Here is the key insite to the bootstrap: because our sample of data is assumed to be an iid sample of the population, a random sample of our sample is a new sample.

To put it in more reasonable terms: we have seen already that any given sample is a shadow, or is suggested by, the population. That’s true for the distribution of one variable, but is also true for the relationships between variables (or anything else). What we want to do is to use the fact that our sample is representative of the population to generate new samples to explore the range of possibilities that might occur if we truly re-sampled a large number of times.

The way that we are going to actually do this is to repeatedly generate new datasets of the same length as our original by sampling with replacement from our original dataset. Here is one such new sample:

bs.samp <- d[sample(1:nrow(d), replace=T),]
cor(d$x, d$y)
#> [1] 0.2569832
cor(bs.samp$x, bs.samp$y)
#> [1] 0.2310803
#Not the same!

Why is it important that we sample with replacement. Well if we sample without replacement we will just select the rows of the old dataset one at a time until we have selected all of them. In the end we will be left with an exact re-creation of our old dataset in a new order:

bs.samp <- d[sample(1:nrow(d), replace=F),]
cor(d$x, d$y)
#> [1] 0.2569832
cor(bs.samp$x, bs.samp$y)
#> [1] 0.2569832
#The same!

Having repeated entries is key into creating variance that generates different samples everytime you generate a new bootstrap sample.

OK, that’s all fine, but does it work?
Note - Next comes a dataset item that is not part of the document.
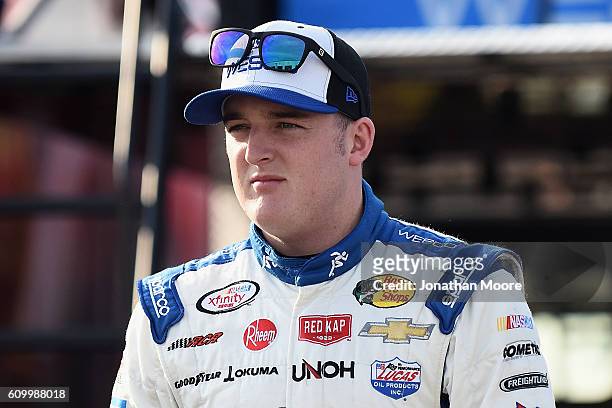 Ty Dillon, driver of the WESCO Chevrolet, stands in the garage during practice for the NASCAR XFINITY Series VysitMyrtleBeach.com 300 at Kentucky...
Let’s repeatedly generate new bootstrap samples and calculate the correlation coefficient.

bs.samp.dist <- rep(NA, 10000)
for(i in 1:10000){
  bs.samp <- d[sample(1:nrow(d), replace=T),]
  bs.samp.dist[i] <- cor(bs.samp$x, bs.samp$y)
}

And let’s compare to the true sampling distribution:

plot(density(cor.samp.dist), col="darkblue")
points(density(bs.samp.dist), col="firebrick", type="l")
abline(v=0, lty=2)
sd(cor.samp.dist)
#> [1] 0.0428987
sd(bs.samp.dist)
#> [1] 0.04045926

Now, these two sampling distributions are not centered in the same place. But does that really matter? The true sampling distribution is centered around the true population correlation, which we are never going to know. The bootstrap sampling distribution is centered around the correlation in the sample.
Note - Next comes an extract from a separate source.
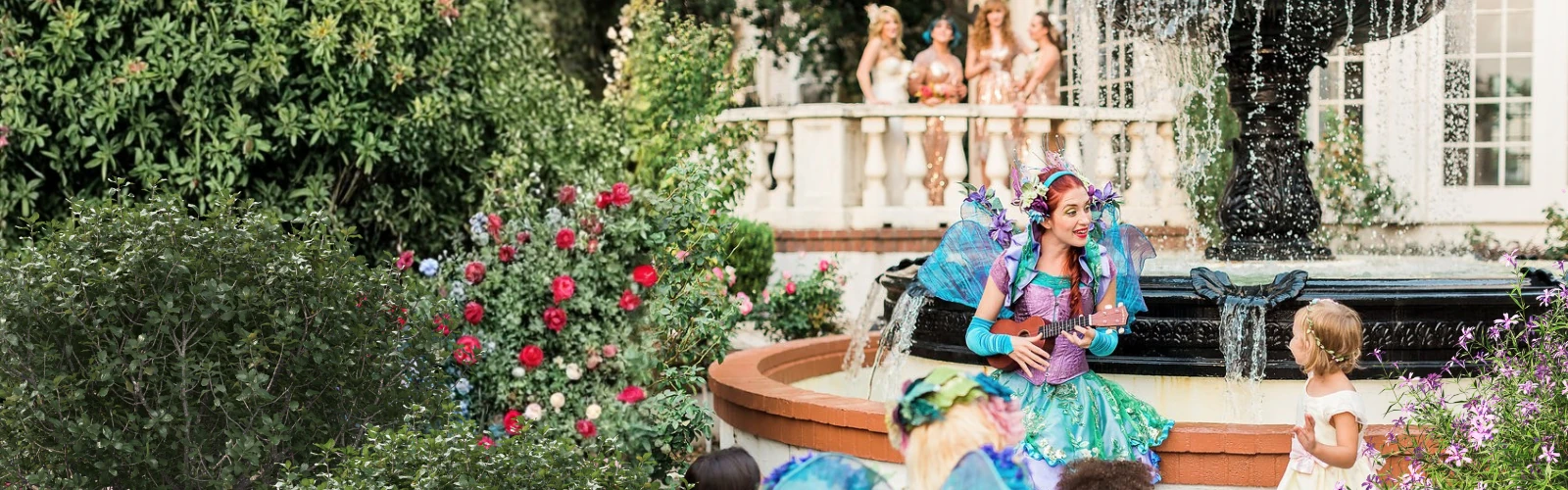 Costumed performers keeping children enchanted at a wedding.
But think about when we calculate a standard error in a sample using an equation. In that case all we would get is a standard error, we don’t get to recover the true location of a mean, or difference in mean, or correlation.
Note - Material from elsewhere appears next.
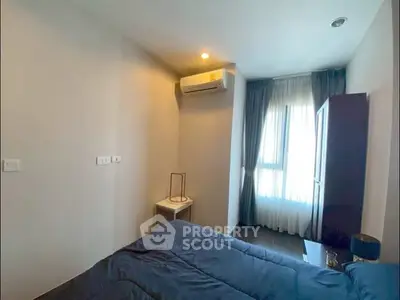 Cozy bedroom with modern air conditioning and natural light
What we do get is an extremely reasonable approximation of the standard deviation of the sampling distribution. And what is that: the standard error!

What can we do with our bootstrap estimates?

Usually what people do is to use the bootstrap estimates to form a 95% confidence interval. We can determine this empirically by using the quantile function

quantile(bs.samp.dist, .025)
#>      2.5% 
#> 0.1764792
quantile(bs.samp.dist, .975)
#>     97.5% 
#> 0.3348584

If we are willing to assume that the sampling distribution is normally distributed, we can also use the standard error to perform a hypothesis test under a null hypothesis:

z.score <- cor(d$x, d$y)/sd(bs.samp.dist)
p <- pnorm(z.score, lower.tail=F)*2
p
#> [1] 2.130112e-10

More proof that this works on monday!